## TASK TO COMPLETE
The response must contain every line below in which "with" appears.

## Crawled caption data
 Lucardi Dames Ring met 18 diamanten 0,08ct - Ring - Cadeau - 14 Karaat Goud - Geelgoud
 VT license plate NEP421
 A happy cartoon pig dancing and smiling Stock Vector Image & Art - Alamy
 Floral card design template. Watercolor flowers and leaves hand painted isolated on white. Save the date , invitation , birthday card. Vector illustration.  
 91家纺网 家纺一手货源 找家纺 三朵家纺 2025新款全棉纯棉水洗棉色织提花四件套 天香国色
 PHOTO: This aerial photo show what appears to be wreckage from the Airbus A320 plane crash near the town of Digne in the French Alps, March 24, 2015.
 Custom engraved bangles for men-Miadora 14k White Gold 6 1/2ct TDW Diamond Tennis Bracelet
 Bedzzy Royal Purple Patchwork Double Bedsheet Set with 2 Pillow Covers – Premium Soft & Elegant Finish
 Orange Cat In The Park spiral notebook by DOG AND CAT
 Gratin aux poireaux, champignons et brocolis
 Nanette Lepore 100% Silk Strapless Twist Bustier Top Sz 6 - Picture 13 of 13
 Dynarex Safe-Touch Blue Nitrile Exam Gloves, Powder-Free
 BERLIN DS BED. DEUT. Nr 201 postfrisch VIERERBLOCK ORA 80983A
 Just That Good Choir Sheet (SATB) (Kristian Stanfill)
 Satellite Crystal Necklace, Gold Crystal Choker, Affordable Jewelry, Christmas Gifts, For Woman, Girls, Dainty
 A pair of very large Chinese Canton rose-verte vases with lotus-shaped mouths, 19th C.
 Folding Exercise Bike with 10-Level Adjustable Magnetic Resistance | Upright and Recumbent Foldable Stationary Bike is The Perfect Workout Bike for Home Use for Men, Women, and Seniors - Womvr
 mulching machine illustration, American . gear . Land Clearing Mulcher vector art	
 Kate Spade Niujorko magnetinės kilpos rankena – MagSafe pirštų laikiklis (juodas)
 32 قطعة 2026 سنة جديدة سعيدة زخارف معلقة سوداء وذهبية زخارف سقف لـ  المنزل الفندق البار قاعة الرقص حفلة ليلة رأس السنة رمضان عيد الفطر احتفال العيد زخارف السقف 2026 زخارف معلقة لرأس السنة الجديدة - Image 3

## ANSWER BOX
 Bedzzy Royal Purple Patchwork Double Bedsheet Set with 2 Pillow Covers – Premium Soft & Elegant Finish
 A pair of very large Chinese Canton rose-verte vases with lotus-shaped mouths, 19th C.
 Folding Exercise Bike with 10-Level Adjustable Magnetic Resistance | Upright and Recumbent Foldable Stationary Bike is The Perfect Workout Bike for Home Use for Men, Women, and Seniors - Womvr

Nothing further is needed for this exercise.